The study by the schools inspectorate Ofsted found classroom assistants in England now spend more time helping children with literacy and numeracy leaving them with less time for helping teachers with administrative chores.

In some cases teaching assistants were being used to cover for absent teachers.

The government made a manifesto pledge to recruit an extra 20,000 assistants before the next election.

When assistants are most successful they show many of the characteristics of good teachers

Ofsted report

It has become a vital plank in its campaign to tackle teacher workload.

With teachers' unions threatening industrial action on the workload issue, the Education Secretary, Estelle Morris, had hoped that the greater use of assistants would help.

Ofsted's report shows assistants improve the standard of education.

But it warned that heavy reliance on teachers' aides could actually lead to more work for teachers.


Helping children with their learning takes the assistants away from their traditional tasks like photocopying worksheets and refilling paint pots.

"Schools will need to manage these competing priorities carefully to ensure that teachers' workloads do not increase at a time when strenuous efforts are being made nationally to reduce them," the report said.

Mike Tomlinson, Chief Inspector of Schools, said: "This report confirms some of the benefits that trained teaching assistants are bringing to the primary school classroom.

"But, as yet, the considerable public investment in expanding their numbers has not led to a reduction in teachers' workloads."

'No surprise to teachers'

The leader of the National Union of Teachers, Doug McAvoy, said teachers knew the additional burden that came with managing teaching assistants.

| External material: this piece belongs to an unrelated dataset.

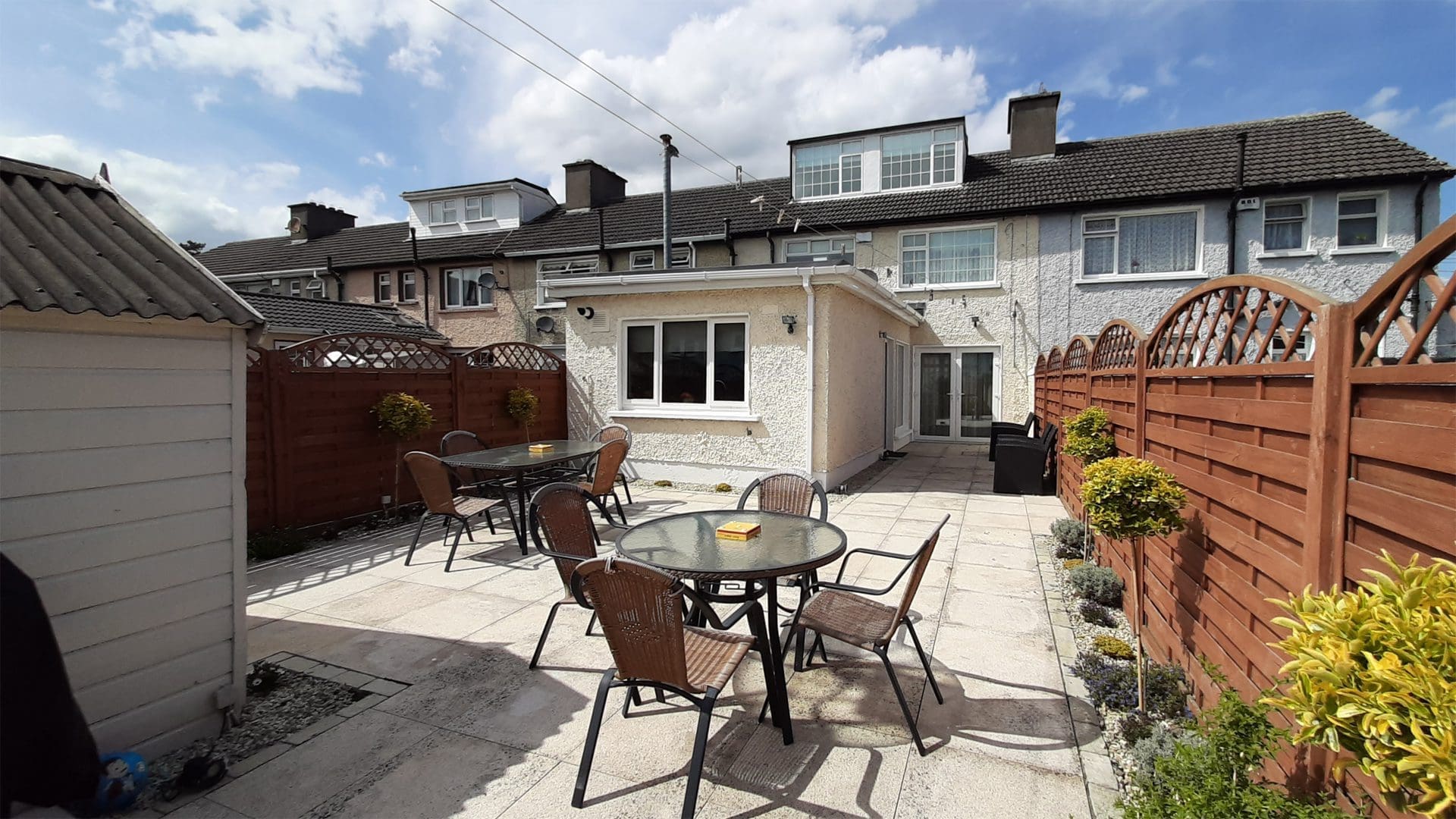 St Annes rear2 70 Saint Anne’s Avenue, Raheny, Dublin 5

"It is crystal clear from the report that teaching assistants are not a magical solution for reducing teacher workload," he said.

"The report sends an emphatic message to the chancellor that the growing number of assistants in our schools has not led to a reduction in teachers' workload.

"He still has the task of funding a reduction in teacher workload in his comprehensive spending review."


The Department for Education and Skills said teaching assistants, used in creative ways, could help to reduce teacher workload.

"That is why we are working with unions and other bodies to raise the profile of teaching assistants by increasing their numbers and improving their opportunities for training and career development," a spokesman said.

The Shadow Education Secretary, Damian Green, said the government must avoid trying to use assistants as substitute teachers "to disguise the crisis in teacher retention".


Ms Morris made her appeal for more assistants to be taken on in a speech last November, to prevent a potential shortage by 2006 of 40,000 teachers.

The number of assistants in England's schools jumped from just over 61,000 to almost 96,000 between 1997 and 2001.

The review found that teachers value assistants' support highly and appreciate the benefits of having another adult in the classroom.

"Although no-one should pretend that teaching assistants are teachers, when they are most successful they show many of the characteristics of good teachers," the report said.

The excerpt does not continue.